§ Task to complete: Output the data below only from the line containing "bedroom with ceiling" up to and including the line containing "Bright office space", exact and with the pictures left out.

§ Exercise data:
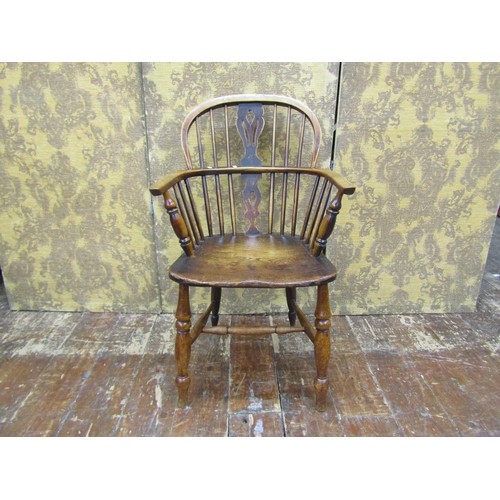 1447 - A Georgian Windsor elm and ashwood elbow chair, with pierced splat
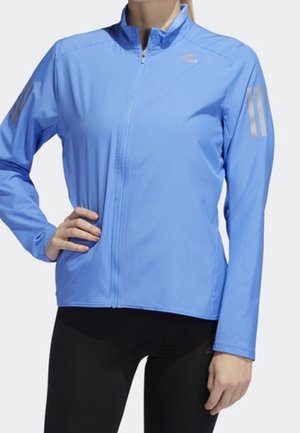 Veste de sport bleu clair à manches longues avec fermeture éclair, logo discret sur la poitrine et bandes réfléchissantes sur les deux manches, portée sur un legging noir.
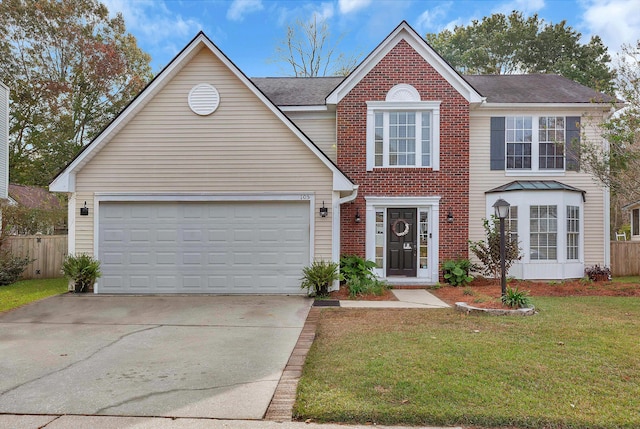 view of front of home featuring a garage, concrete driveway, fence, a front lawn, and brick siding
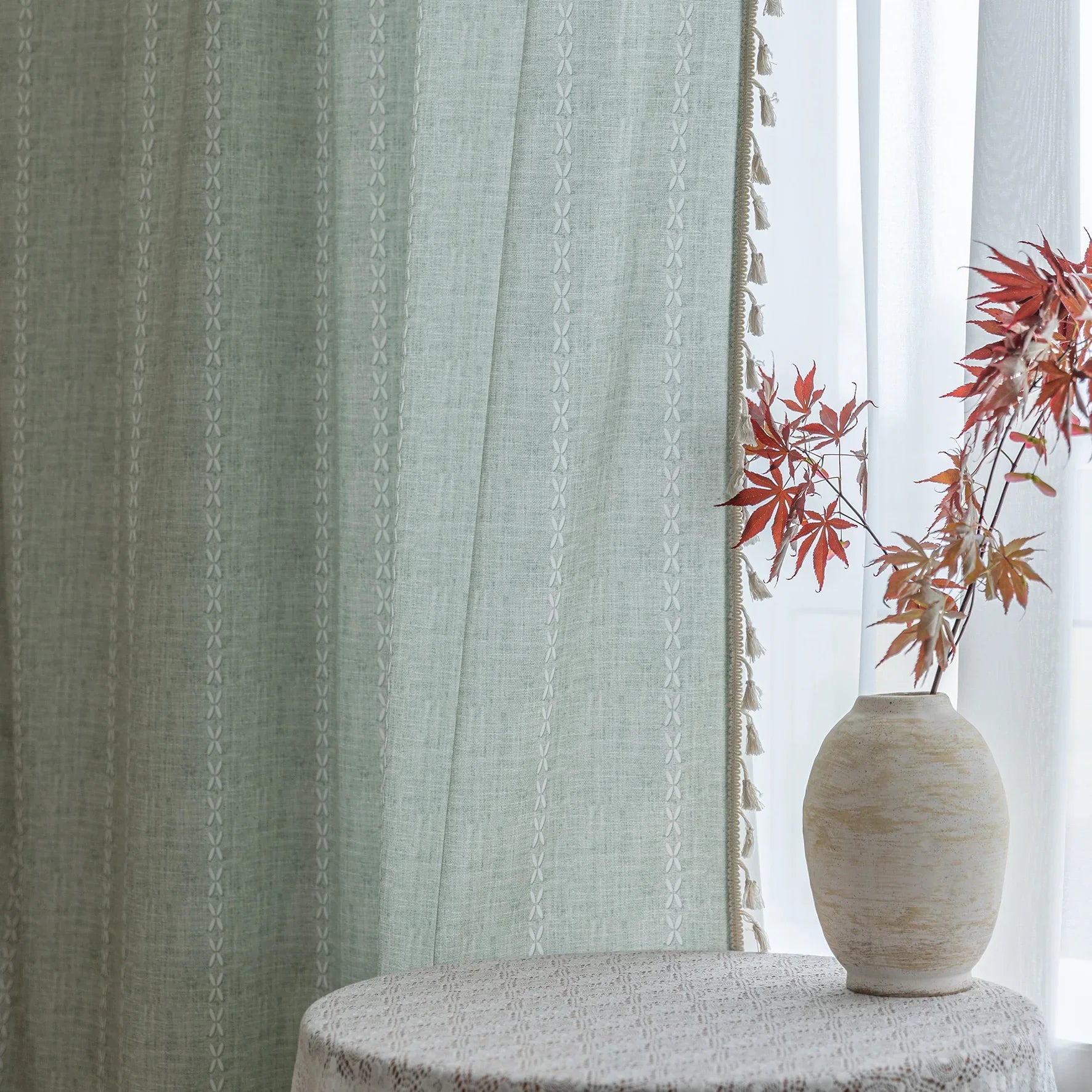 Minimalist sage green curtain with subtle vertical white embroidery and delicate tassel edging — perfect for creating a fresh, airy, and elegant atmosphere in any living room, bedroom, or dining space.
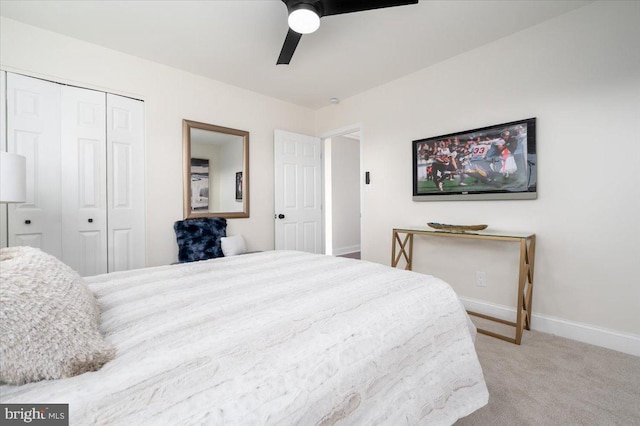 bedroom with ceiling fan, light colored carpet, and a closet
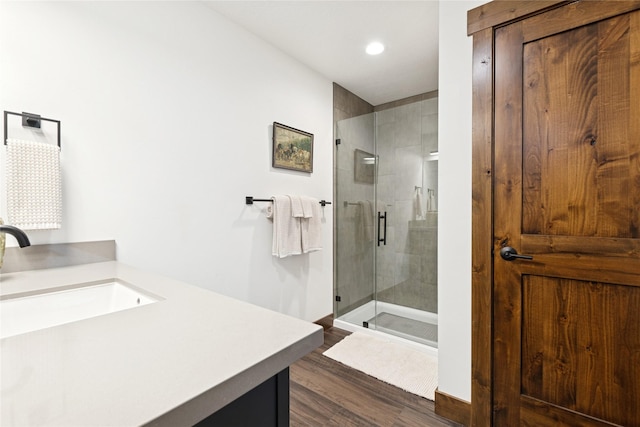 full bath with vanity, a shower stall, wood finished floors, and baseboards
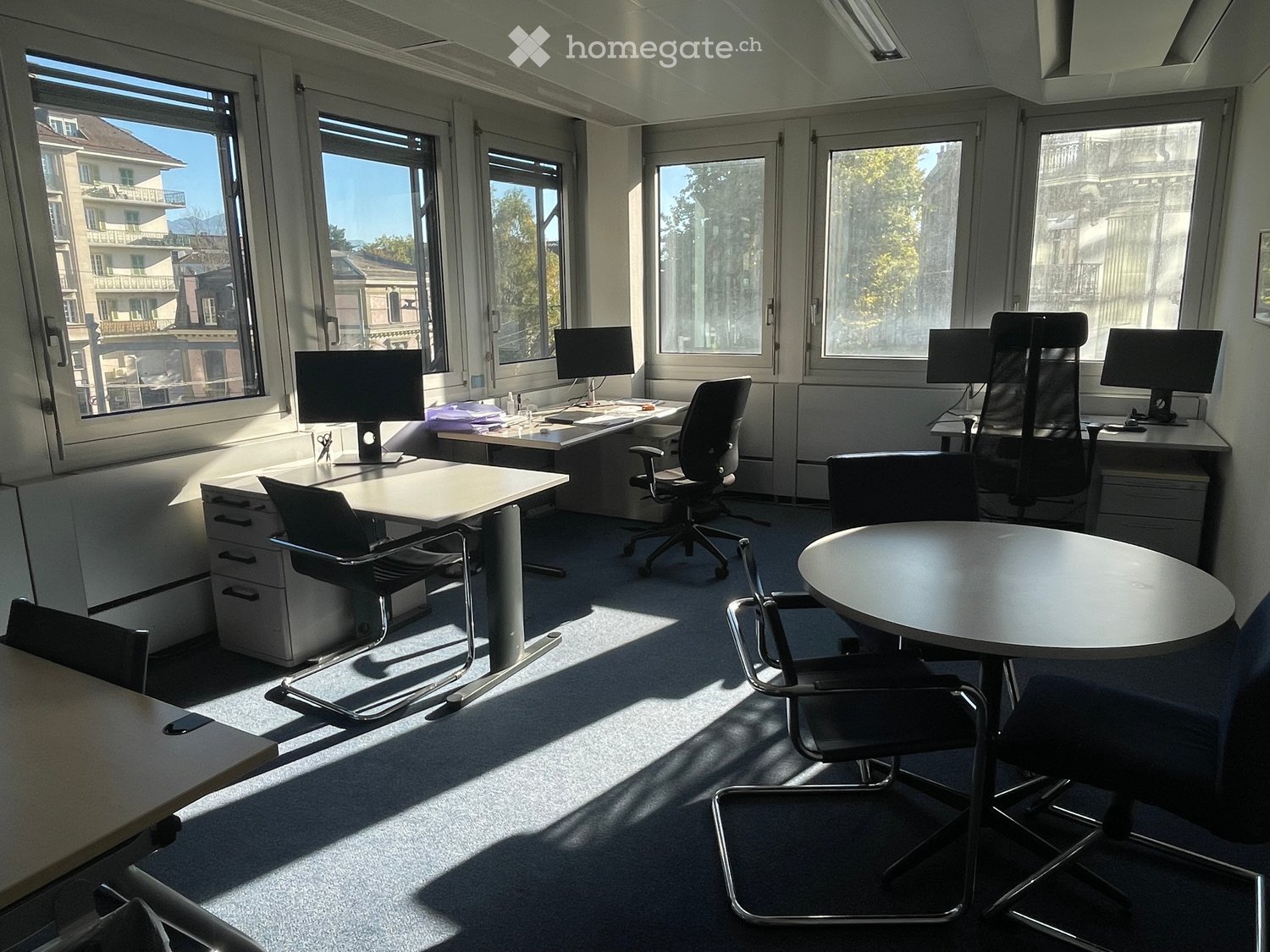 Bright office space with large windows, desks, chairs, computer monitors, and a round meeting table.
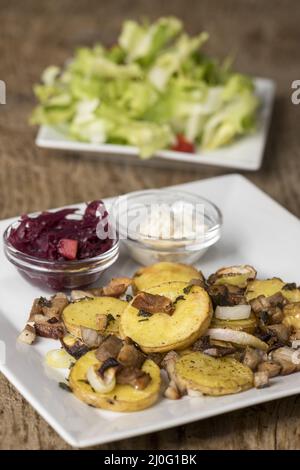 Bayerisches GrÃ¶stl mit Salat auf Holz Stockfoto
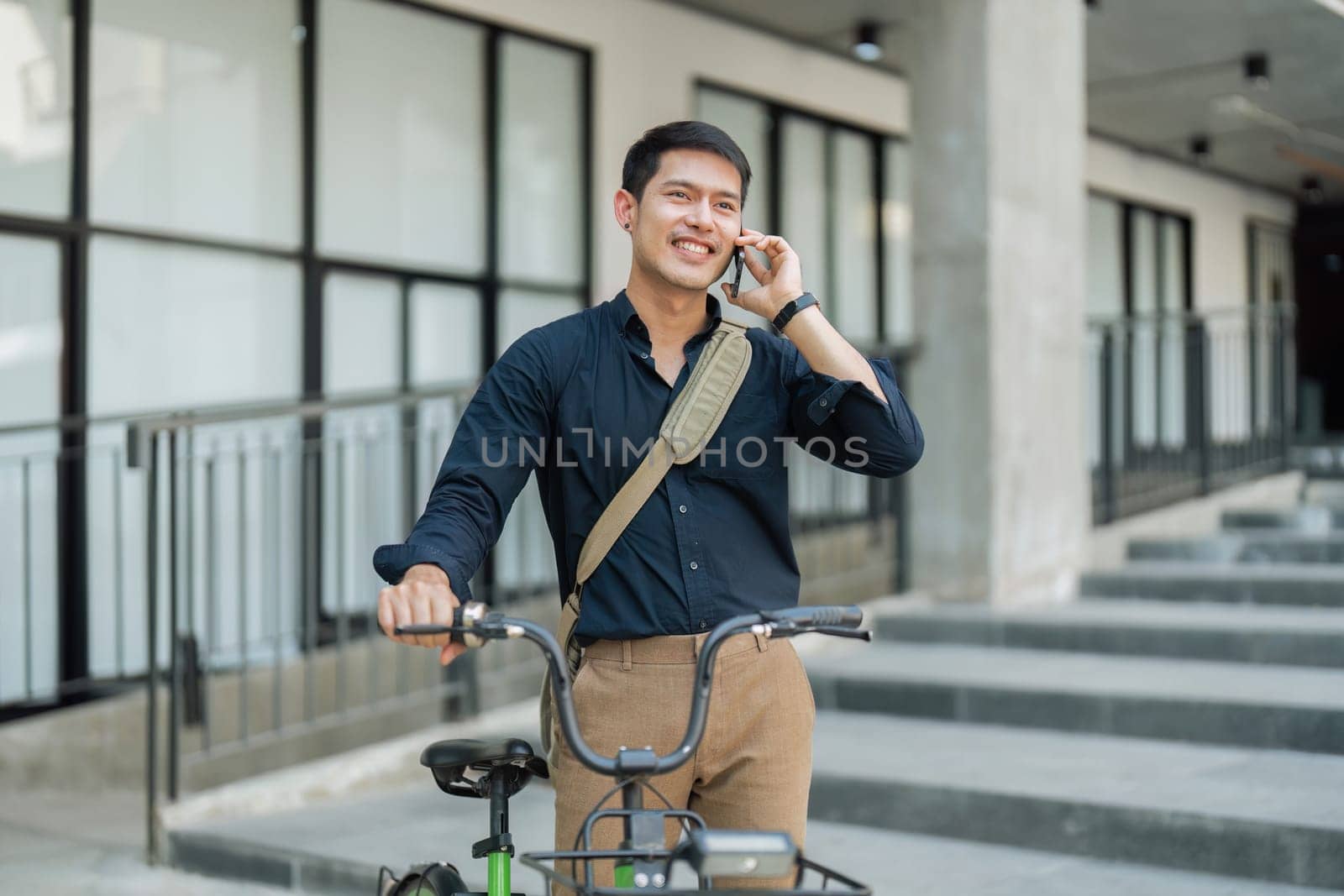 Businessmen ride bicycle to work to reduce carbon dioxide emissions and reduce global warming by itchaznong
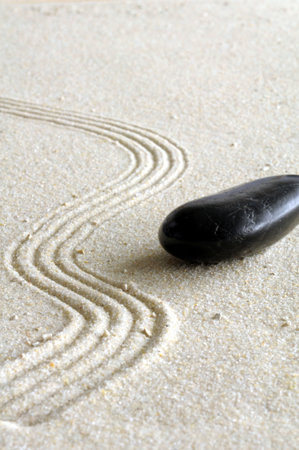 zen still life with sand and green leaf showing wellness conceptの写真素材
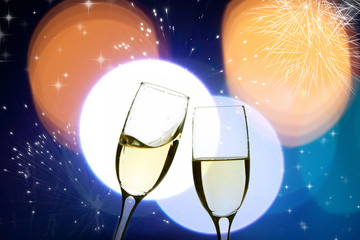 Glasses with champagne against holiday lights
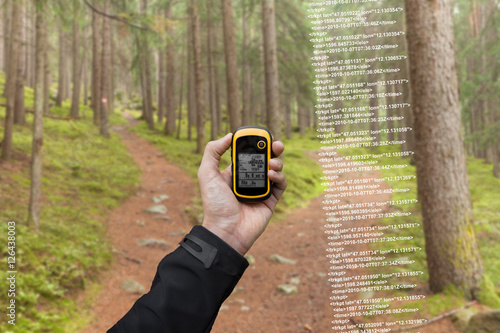 A trekker is finding the right position in the forest via gps in a cloudy autumnal day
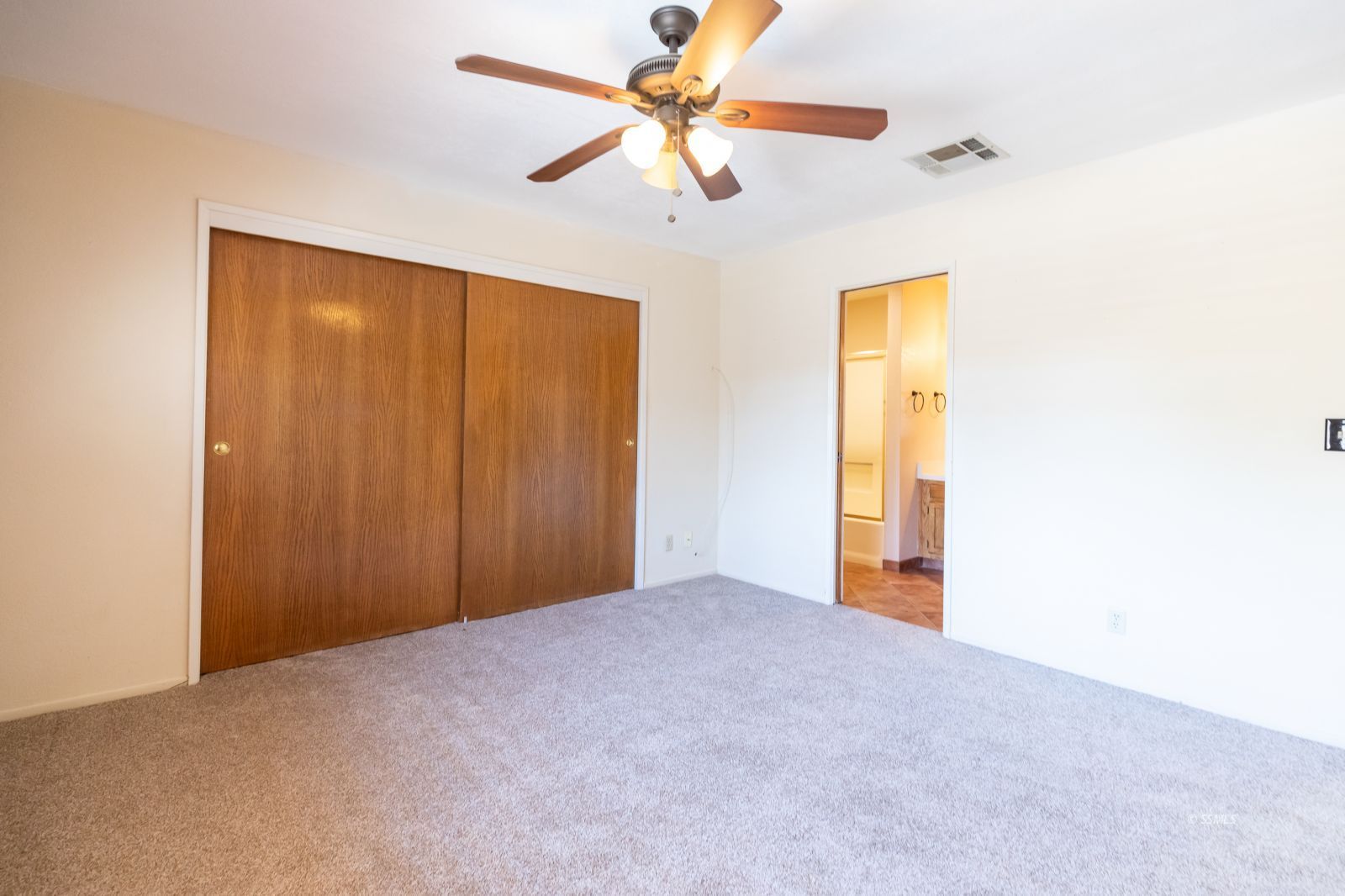 813 West Perdew Avenue Ridgecrest, CA 93555 - Photo 16 of 28 a view of a big room with a chandelier fan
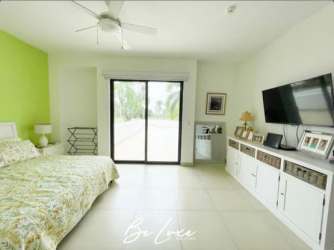 Bedroom with nautical decor and bunk beds ocean view VistaMar Islamar beach resort Panama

§ Exercise solution:
 bedroom with ceiling fan, light colored carpet, and a closet
 full bath with vanity, a shower stall, wood finished floors, and baseboards
 Bright office space with large windows, desks, chairs, computer monitors, and a round meeting table.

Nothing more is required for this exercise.